Friday, June 15, 2012

MOOCs: Massive Open Online Courses

I'm very curious about MOOCs (massive open online courses,) and not just because their acronym still cracks me up. MOOCs allow Internet users to study a subject asynchronously (like an independent study) through lectures, exercises and, the sites tout, a community of learners. Websites offering these courses are growing, as are their course lists. There have been countless articles written about MOOCs' merits, possibilities and relationships to costly, for-credit programs. Just this morning, Inside Higher Ed explored how for-credit, Prior Learning assessment courses might rely on non-credit MOOCs.

Have you ever taken one of these courses? I'm hoping to try one when (if?) my schedule opens up a bit. Here are a few of the programs getting the most hype since they are connected to prestigious universities:

Coursera (Princeton, Stanford, Michigan and Penn)

edX (MIT, Harvard)

OLI (Carnegie Mellon)

As an online instructor, I'd like to learn more about these courses. As an author writing a book about how to be an online student, I'm interested in seeing what kinds of technology these courses use and what the interactive expectations, if any, there are/can be.

I am often asked if I think these courses will put the accredited universities out of business.

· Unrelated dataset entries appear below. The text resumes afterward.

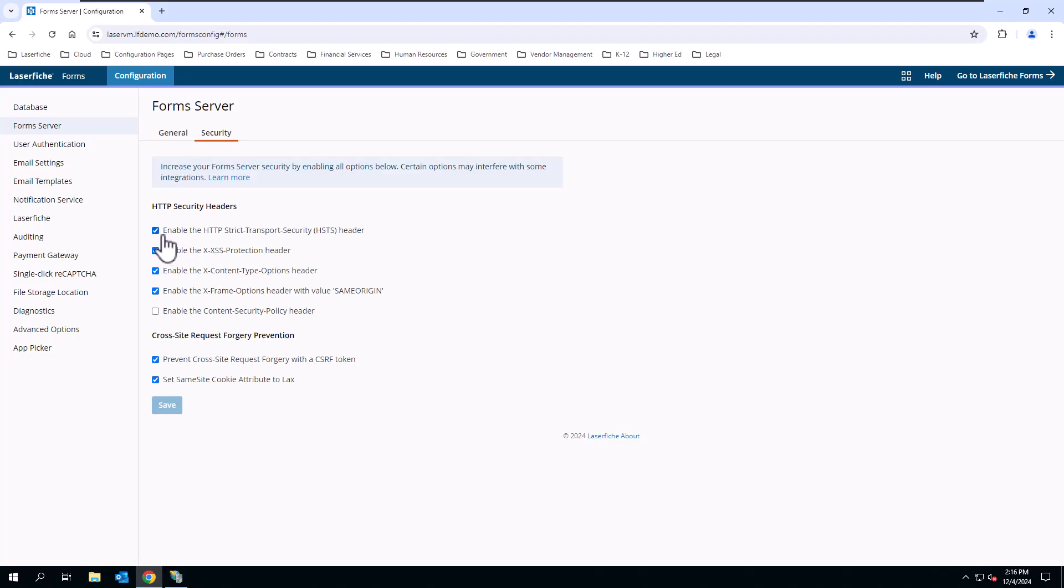So by default on new installations, this is checked. If you have an older installation, it may not be checked. So you can decide where you want to enable that at.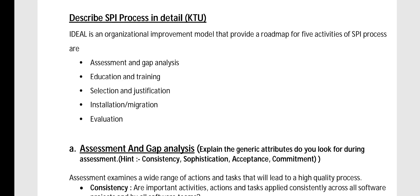Welcome to Part 4 of Module 6. Here we are discussing the SPI process in detail. It is a K2 question and very important. SPI stands for software process improvement, and organizations adopt SPI to improve the level of the organization.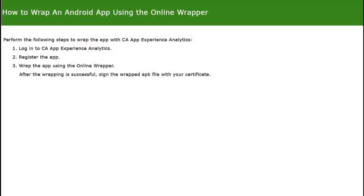This video demonstrates the steps to wrap an Android app using the online wrapper. This process involves the following steps: 1. Log into CA App Experience Analytics. 2. Register the app. 3. Wrap the app using the online wrapper. 4. Sign the wrapped APK file with your certificate.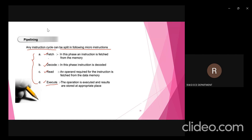What is meant by fetch? First of all, we have to fetch the instructions from memory. The particular instruction that has to be executed must be fetched from memory. Instructions will be stored in the program memory — there is a program memory as well as a data memory, and instructions are always stored in the program memory.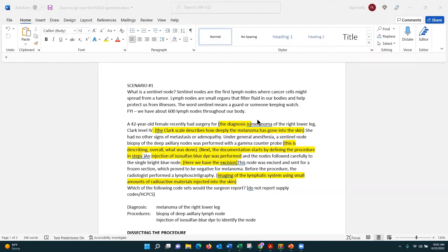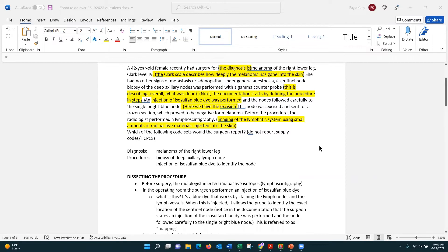Now that we know what a sentinel node is, let's see what's going on with our operative report. This is our 42-year-old female who recently had surgery for melanoma of the right leg. As I'm reading, I want to identify my diagnosis: melanoma of the right leg, Clark level four. That is a physician's scale describing how deep the melanoma has gone into the skin, because melanoma is skin cancer. She had no other signs of metastasis or adenopathy. Under general anesthesia, a sentinel node biopsy of the deep axillary nodes was performed with a gamma counter probe.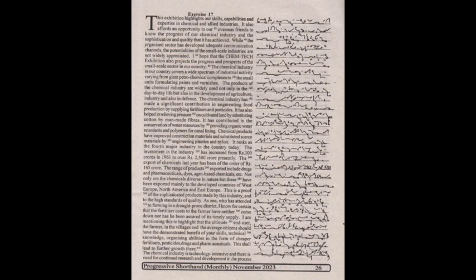The chemical industry in our country covers a wide spectrum of industrial activity, varying from giant petrochemical complexes to small units formulating paints and varnishes. The products of the chemical industry are widely used not only in day-to-day life, but also in the development of agriculture, industry, and defense.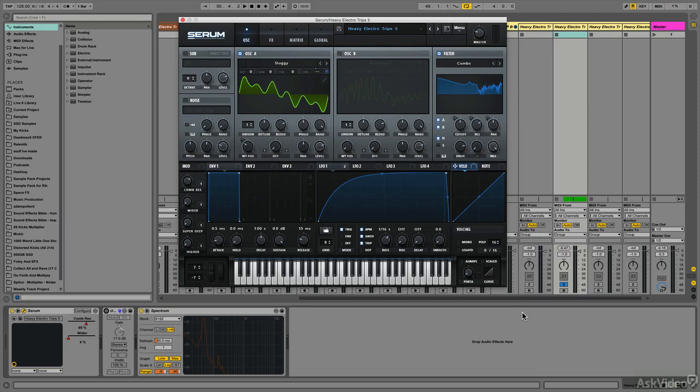This sound also demonstrates a second important principle: while distortion is an incredibly powerful tool to create thick, heavy basses, you don't necessarily need it.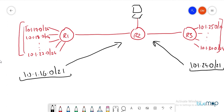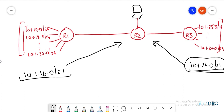The summary stays up as long as at least one network within it is up. For any range of networks, the steps are the same: find the common bits, calculate the block size, and determine the summarized network. With experience, you can quickly do the calculation mentally. These steps will greatly help anyone starting with aggregation in their career or daily job.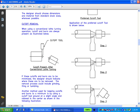When using a conventional lathe turning operation, cutoffs and burrs are always present, as illustrated below. These cutoffs and burrs are to be minimized. The designer should indicate where these are to be removed. The removal process could include grinding, filing, or tumbling. Another method used for keeping cutoffs and burrs to a minimum is by using a cutoff tool ground at a slight angle and relieved in the center, as shown in the following illustrations.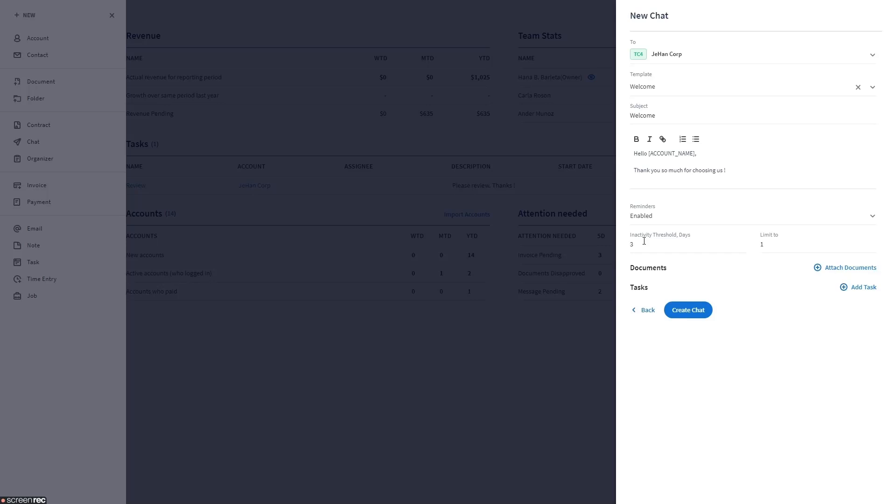Once you enable the reminders, you can configure the inactivity threshold days. By default, a reminder is set to go out three days after the message was sent to the client, but you can change this to a number you prefer.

My answer is always, "no." There have always been books, videos, podcasts and other resources available for students to study, more or less, independently. I remember a professor in graduate school saying that you can learn everything you need to know from books and independent research, but it is more efficient to go through a recognized program with dedicated instructors and a community of learners dedicated to the same subject. I agree.